Beginning at the line that contains "Curious man cannot", output each line exactly through the end of the records, and drop any pictures.

[Records from a data source]
··········

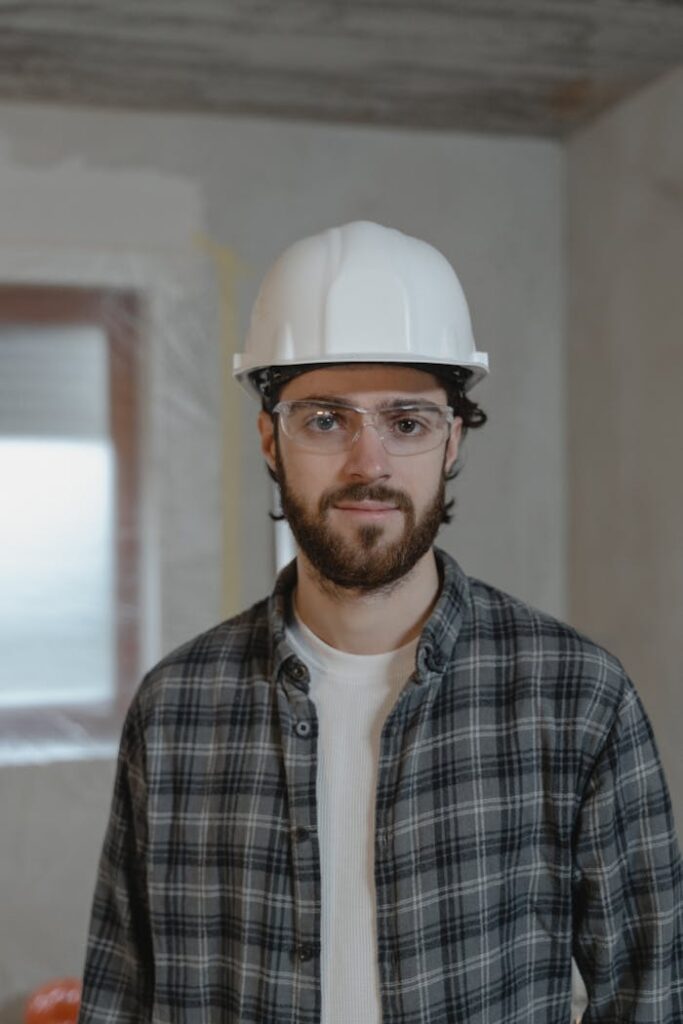 Man in Black and White Plaid Button Up Shirt Wearing White Hard Hat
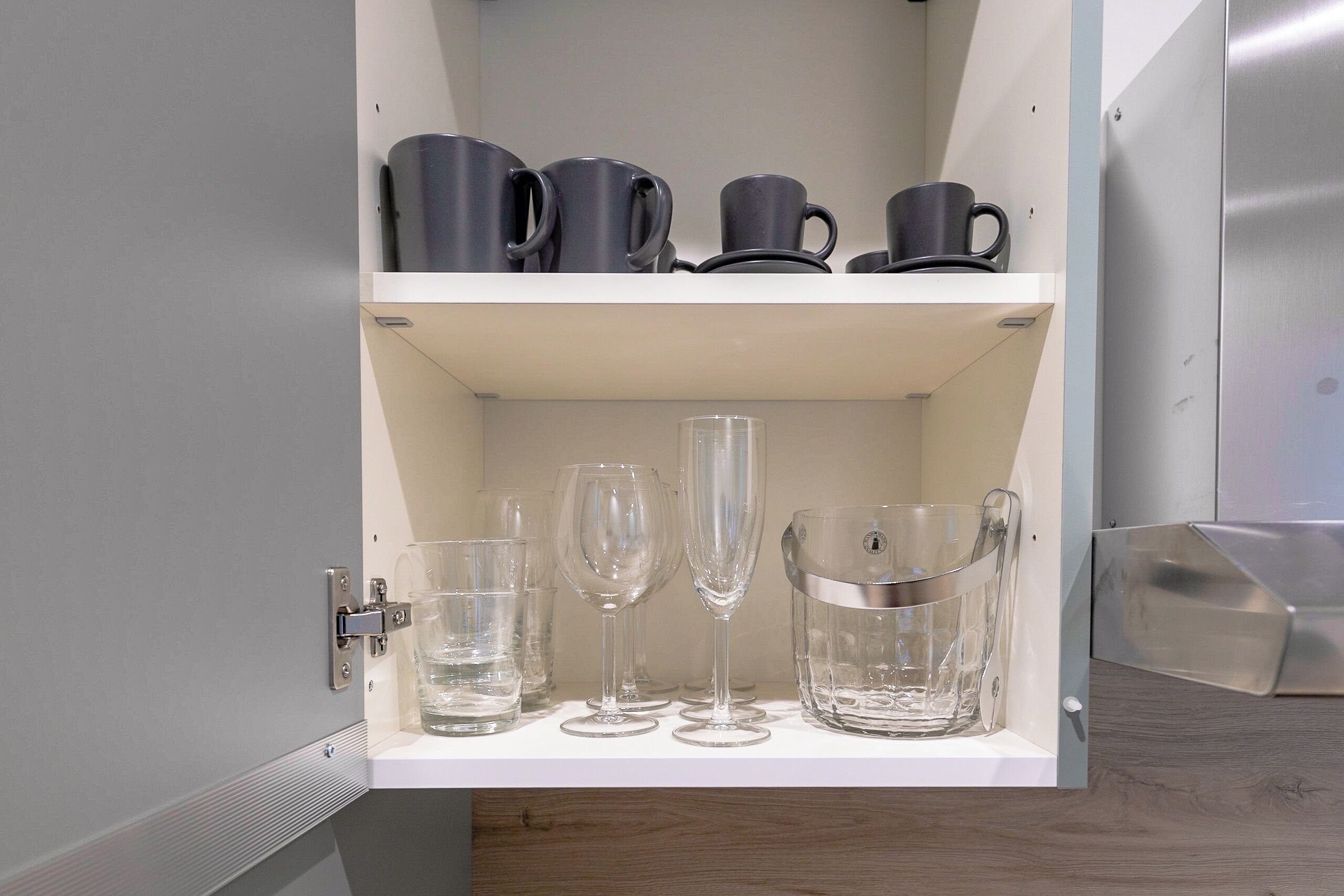 Un meuble avec des étagères contenant divers objets en verre et des tasses.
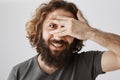 Curious man cannot wait to look what you hiding. Portrait of positive good-looking eastern guy with beard covering eyes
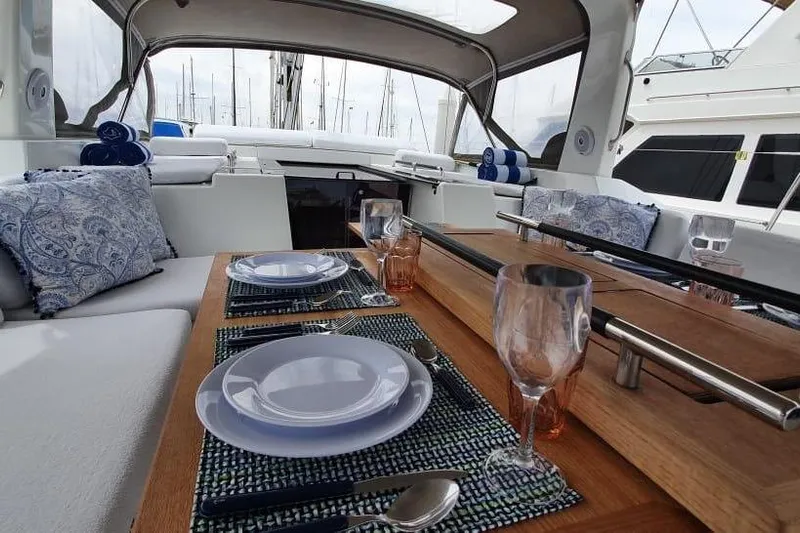Mareo Yacht Photos Pics Luxurious dining setup on a 2018 Beneteau Oceanis 55.1 yacht, featuring elegant tableware.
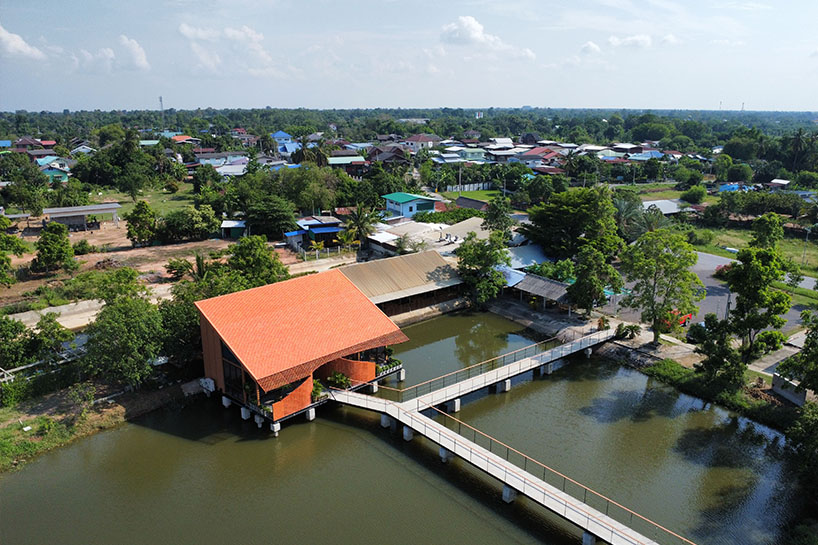 clad in terracotta tiles, morjor café floats above water pond in thailand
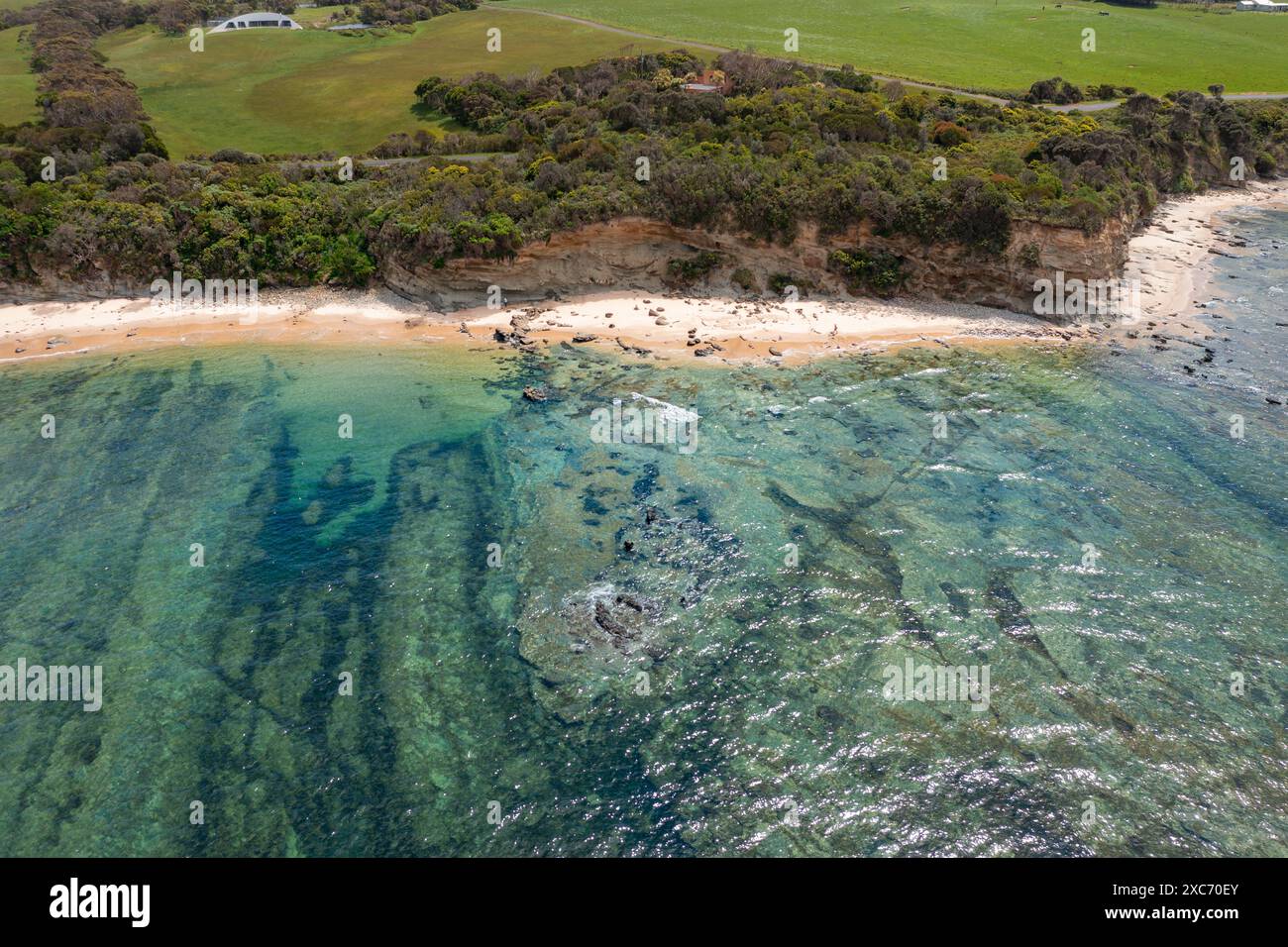 Aerial view of a rocky reef in front of a rugged coastline covered in vegetation at Inverloch in Gippsland, Victoria, Australia. Stock Photo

··········

### EXERCISE ANSWER
 Curious man cannot wait to look what you hiding. Portrait of positive good-looking eastern guy with beard covering eyes
Mareo Yacht Photos Pics Luxurious dining setup on a 2018 Beneteau Oceanis 55.1 yacht, featuring elegant tableware.
 clad in terracotta tiles, morjor café floats above water pond in thailand
 Aerial view of a rocky reef in front of a rugged coastline covered in vegetation at Inverloch in Gippsland, Victoria, Australia. Stock Photo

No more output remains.